(Crawled caption data)
□ □ □ □
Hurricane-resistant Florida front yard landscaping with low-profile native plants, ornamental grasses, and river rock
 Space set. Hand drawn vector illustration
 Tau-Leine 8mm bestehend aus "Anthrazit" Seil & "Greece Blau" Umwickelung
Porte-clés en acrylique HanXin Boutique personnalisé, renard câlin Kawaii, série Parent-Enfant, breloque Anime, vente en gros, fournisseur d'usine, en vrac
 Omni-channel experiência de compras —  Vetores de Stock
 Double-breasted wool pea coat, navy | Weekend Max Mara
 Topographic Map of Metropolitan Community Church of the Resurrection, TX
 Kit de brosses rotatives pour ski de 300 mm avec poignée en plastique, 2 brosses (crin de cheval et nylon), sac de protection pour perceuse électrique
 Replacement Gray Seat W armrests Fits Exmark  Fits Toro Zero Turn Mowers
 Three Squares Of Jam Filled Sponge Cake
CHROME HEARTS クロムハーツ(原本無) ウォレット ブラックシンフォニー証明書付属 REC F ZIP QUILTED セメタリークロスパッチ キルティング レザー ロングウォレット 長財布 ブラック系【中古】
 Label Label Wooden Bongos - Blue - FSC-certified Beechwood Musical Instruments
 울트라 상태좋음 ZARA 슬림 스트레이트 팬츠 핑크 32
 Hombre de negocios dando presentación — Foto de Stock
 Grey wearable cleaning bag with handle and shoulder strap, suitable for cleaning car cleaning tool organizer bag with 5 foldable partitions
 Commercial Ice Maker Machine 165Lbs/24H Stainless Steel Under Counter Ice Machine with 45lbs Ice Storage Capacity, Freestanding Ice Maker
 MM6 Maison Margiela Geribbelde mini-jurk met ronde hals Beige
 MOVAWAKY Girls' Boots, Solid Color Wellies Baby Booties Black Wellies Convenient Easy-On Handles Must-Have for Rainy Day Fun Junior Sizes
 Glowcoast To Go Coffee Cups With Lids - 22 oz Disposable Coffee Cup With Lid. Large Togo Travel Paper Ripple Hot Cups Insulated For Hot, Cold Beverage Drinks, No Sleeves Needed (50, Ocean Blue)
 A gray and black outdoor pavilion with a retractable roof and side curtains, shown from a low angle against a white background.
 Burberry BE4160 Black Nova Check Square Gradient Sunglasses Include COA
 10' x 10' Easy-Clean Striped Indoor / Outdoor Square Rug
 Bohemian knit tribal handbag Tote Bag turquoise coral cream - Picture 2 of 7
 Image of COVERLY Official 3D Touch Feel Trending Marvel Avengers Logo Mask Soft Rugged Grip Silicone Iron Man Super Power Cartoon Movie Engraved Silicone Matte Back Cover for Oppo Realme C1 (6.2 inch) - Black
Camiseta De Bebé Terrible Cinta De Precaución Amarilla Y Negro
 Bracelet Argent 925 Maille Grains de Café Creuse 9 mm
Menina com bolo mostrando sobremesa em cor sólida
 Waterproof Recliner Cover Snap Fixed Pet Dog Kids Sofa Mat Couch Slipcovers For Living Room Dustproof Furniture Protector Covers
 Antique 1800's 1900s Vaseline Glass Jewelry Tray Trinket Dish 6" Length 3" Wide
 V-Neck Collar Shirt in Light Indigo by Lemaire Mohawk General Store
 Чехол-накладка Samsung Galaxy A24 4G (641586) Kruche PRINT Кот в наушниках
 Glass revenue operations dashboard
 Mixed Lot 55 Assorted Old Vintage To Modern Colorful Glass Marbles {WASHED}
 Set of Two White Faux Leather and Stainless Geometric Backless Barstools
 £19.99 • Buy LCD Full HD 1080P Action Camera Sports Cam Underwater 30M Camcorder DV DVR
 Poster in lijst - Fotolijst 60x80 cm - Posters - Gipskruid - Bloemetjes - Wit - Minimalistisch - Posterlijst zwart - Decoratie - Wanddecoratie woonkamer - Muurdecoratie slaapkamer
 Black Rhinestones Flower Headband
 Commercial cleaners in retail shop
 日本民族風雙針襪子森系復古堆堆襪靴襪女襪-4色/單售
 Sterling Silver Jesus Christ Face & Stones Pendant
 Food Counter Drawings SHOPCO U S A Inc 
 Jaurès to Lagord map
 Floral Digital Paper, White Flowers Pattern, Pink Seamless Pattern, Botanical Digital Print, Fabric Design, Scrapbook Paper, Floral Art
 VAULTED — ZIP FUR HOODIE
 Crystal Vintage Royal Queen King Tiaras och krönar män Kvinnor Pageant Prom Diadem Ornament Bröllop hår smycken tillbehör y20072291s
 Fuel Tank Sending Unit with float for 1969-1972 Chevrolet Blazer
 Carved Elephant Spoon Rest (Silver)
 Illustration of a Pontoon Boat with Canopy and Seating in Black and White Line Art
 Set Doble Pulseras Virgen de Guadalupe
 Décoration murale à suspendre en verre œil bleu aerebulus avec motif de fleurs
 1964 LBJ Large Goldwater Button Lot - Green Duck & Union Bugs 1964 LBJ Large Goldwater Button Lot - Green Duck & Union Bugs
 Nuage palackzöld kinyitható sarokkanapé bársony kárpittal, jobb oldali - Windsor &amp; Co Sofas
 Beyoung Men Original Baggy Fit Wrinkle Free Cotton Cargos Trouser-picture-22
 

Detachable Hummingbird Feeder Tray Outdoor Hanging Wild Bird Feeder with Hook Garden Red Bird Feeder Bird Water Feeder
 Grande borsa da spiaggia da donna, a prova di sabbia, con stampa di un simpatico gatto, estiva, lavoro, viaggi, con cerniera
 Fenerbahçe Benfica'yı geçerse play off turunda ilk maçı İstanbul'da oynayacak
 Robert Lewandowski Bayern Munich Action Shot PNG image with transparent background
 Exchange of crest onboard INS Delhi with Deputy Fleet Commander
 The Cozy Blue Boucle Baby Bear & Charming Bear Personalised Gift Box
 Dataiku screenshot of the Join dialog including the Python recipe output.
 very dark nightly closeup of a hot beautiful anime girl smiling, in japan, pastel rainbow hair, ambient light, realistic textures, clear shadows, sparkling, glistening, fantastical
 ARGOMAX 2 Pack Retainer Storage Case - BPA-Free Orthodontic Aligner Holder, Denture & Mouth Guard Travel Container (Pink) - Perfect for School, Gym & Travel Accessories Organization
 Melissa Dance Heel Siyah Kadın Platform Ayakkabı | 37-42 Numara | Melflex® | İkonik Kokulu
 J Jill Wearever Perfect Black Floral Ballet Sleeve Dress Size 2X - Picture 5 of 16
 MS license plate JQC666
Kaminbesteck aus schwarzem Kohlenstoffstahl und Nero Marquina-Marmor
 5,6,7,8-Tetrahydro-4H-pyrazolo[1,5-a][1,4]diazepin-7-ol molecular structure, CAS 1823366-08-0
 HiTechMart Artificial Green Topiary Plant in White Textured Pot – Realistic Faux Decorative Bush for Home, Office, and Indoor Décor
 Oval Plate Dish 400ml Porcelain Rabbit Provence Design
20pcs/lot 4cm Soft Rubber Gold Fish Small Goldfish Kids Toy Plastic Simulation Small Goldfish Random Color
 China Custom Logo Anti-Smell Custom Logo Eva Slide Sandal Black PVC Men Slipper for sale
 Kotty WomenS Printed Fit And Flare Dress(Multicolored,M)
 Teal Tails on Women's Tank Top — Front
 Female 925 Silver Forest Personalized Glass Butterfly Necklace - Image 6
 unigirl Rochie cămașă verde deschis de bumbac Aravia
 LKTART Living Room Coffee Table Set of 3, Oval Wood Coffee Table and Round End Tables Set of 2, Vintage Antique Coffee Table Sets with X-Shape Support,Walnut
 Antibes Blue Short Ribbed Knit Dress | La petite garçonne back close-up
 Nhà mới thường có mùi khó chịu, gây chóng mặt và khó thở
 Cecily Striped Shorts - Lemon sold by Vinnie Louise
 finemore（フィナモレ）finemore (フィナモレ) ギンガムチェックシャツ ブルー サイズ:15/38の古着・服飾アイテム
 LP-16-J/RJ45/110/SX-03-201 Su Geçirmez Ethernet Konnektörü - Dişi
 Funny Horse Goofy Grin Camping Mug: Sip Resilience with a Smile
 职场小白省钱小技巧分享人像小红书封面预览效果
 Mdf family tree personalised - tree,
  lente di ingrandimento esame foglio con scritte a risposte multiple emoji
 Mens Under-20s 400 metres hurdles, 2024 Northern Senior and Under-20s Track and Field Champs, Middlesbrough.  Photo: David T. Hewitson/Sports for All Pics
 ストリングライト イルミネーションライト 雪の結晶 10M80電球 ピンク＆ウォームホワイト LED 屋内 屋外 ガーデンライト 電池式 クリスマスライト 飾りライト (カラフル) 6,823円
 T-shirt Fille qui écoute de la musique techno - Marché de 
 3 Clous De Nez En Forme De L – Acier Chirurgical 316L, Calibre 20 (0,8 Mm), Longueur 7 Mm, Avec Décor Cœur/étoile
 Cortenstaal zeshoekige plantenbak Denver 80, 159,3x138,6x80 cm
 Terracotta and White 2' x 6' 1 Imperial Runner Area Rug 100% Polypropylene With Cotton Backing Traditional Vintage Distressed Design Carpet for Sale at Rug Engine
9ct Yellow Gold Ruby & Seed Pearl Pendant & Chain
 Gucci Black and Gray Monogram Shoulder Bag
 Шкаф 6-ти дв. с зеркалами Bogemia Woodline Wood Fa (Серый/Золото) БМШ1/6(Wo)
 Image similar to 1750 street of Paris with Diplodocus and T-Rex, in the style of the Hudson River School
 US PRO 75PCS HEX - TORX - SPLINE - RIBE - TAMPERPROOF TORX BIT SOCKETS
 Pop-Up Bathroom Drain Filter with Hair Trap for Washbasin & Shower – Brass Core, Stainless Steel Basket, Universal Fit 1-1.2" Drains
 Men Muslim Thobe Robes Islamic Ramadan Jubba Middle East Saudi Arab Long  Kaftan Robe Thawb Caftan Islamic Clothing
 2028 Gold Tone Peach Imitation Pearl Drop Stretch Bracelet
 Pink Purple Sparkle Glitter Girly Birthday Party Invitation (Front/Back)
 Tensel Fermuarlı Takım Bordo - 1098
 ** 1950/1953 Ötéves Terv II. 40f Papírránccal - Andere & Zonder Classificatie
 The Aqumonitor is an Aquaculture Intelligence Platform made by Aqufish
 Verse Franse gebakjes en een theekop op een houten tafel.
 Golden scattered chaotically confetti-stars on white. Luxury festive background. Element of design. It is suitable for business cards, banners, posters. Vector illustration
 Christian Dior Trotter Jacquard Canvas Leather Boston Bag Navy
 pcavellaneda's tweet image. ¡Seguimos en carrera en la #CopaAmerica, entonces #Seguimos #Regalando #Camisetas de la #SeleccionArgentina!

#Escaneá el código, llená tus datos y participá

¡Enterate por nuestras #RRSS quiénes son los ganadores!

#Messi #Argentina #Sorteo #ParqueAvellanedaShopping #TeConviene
□ □ □ □
> **DIRECTIONS**
In the entries above, restate word for word the lines between the one holding "Space set. Hand drawn vector illustration" and the one holding "MM6 Maison Margiela", inclusive, and nothing besides.

> **ANSWER FOR THE TASK**
 Space set. Hand drawn vector illustration
 Tau-Leine 8mm bestehend aus "Anthrazit" Seil & "Greece Blau" Umwickelung
Porte-clés en acrylique HanXin Boutique personnalisé, renard câlin Kawaii, série Parent-Enfant, breloque Anime, vente en gros, fournisseur d'usine, en vrac
 Omni-channel experiência de compras —  Vetores de Stock
 Double-breasted wool pea coat, navy | Weekend Max Mara
 Topographic Map of Metropolitan Community Church of the Resurrection, TX
 Kit de brosses rotatives pour ski de 300 mm avec poignée en plastique, 2 brosses (crin de cheval et nylon), sac de protection pour perceuse électrique
 Replacement Gray Seat W armrests Fits Exmark  Fits Toro Zero Turn Mowers
 Three Squares Of Jam Filled Sponge Cake
CHROME HEARTS クロムハーツ(原本無) ウォレット ブラックシンフォニー証明書付属 REC F ZIP QUILTED セメタリークロスパッチ キルティング レザー ロングウォレット 長財布 ブラック系【中古】
 Label Label Wooden Bongos - Blue - FSC-certified Beechwood Musical Instruments
 울트라 상태좋음 ZARA 슬림 스트레이트 팬츠 핑크 32
 Hombre de negocios dando presentación — Foto de Stock
 Grey wearable cleaning bag with handle and shoulder strap, suitable for cleaning car cleaning tool organizer bag with 5 foldable partitions
 Commercial Ice Maker Machine 165Lbs/24H Stainless Steel Under Counter Ice Machine with 45lbs Ice Storage Capacity, Freestanding Ice Maker
 MM6 Maison Margiela Geribbelde mini-jurk met ronde hals Beige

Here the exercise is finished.